> EXERCISE: From the first line of the data below, repeat each line exactly until you reach the line with "Black / Ash 2009 Toyota Camry XLE"; include that line too.

> MATERIAL PROVIDED:

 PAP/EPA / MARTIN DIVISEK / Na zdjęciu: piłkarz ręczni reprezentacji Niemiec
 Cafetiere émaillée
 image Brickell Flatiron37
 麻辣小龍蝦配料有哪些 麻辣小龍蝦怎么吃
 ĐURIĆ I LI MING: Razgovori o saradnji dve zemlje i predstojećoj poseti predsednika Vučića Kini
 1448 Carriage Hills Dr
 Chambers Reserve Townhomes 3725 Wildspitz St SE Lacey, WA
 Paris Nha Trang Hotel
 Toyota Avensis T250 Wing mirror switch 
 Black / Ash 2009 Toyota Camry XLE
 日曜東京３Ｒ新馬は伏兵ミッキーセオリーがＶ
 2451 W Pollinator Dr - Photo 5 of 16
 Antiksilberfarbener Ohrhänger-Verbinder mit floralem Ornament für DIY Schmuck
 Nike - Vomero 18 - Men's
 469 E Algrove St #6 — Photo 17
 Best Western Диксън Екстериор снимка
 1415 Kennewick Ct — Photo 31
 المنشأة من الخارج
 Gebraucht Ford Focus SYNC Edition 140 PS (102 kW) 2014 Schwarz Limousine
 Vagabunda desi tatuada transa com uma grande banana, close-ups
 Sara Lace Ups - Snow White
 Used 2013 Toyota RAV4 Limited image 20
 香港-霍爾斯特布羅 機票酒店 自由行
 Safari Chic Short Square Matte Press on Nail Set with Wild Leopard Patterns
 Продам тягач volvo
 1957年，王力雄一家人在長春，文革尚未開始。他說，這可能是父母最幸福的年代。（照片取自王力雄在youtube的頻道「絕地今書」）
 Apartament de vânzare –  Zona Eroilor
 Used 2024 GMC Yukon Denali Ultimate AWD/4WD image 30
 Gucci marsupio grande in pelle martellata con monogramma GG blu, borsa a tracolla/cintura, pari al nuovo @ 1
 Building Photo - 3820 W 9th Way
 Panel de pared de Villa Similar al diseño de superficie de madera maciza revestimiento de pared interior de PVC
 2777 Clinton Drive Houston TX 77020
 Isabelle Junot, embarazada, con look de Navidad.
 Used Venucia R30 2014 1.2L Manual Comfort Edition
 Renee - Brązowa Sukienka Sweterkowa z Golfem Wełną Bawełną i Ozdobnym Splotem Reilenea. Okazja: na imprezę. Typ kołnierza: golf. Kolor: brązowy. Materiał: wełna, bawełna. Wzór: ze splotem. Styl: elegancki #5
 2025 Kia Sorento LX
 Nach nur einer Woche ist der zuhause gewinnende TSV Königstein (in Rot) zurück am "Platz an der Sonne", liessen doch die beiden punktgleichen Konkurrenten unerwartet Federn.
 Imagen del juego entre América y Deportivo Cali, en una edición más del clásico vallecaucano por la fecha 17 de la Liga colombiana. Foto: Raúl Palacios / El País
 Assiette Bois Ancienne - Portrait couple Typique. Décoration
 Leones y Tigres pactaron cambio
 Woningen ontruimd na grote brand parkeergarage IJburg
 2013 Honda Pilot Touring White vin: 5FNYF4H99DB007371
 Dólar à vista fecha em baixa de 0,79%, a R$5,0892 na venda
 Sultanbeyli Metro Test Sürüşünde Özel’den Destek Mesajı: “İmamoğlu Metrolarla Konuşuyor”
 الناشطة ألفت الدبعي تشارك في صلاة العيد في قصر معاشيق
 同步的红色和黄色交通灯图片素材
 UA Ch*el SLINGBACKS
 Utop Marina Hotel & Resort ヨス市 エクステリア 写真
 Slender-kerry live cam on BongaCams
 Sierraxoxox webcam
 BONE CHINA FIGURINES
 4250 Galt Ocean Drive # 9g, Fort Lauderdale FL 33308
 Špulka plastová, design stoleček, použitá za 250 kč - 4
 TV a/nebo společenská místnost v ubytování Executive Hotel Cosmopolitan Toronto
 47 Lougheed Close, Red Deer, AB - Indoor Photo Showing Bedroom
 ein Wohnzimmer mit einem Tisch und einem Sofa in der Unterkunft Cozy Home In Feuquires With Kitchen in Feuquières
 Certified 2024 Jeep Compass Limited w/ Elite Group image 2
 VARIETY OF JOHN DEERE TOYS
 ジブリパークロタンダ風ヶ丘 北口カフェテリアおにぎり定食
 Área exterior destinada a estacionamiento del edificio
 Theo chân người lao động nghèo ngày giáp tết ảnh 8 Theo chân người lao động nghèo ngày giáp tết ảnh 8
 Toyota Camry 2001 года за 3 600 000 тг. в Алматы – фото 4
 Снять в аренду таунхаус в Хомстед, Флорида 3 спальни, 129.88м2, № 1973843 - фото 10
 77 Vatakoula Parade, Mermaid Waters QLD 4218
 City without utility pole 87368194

> SOLUTION FOR THIS PROBLEM:
 PAP/EPA / MARTIN DIVISEK / Na zdjęciu: piłkarz ręczni reprezentacji Niemiec
 Cafetiere émaillée
 image Brickell Flatiron37
 麻辣小龍蝦配料有哪些 麻辣小龍蝦怎么吃
 ĐURIĆ I LI MING: Razgovori o saradnji dve zemlje i predstojećoj poseti predsednika Vučića Kini
 1448 Carriage Hills Dr
 Chambers Reserve Townhomes 3725 Wildspitz St SE Lacey, WA
 Paris Nha Trang Hotel
 Toyota Avensis T250 Wing mirror switch 
 Black / Ash 2009 Toyota Camry XLE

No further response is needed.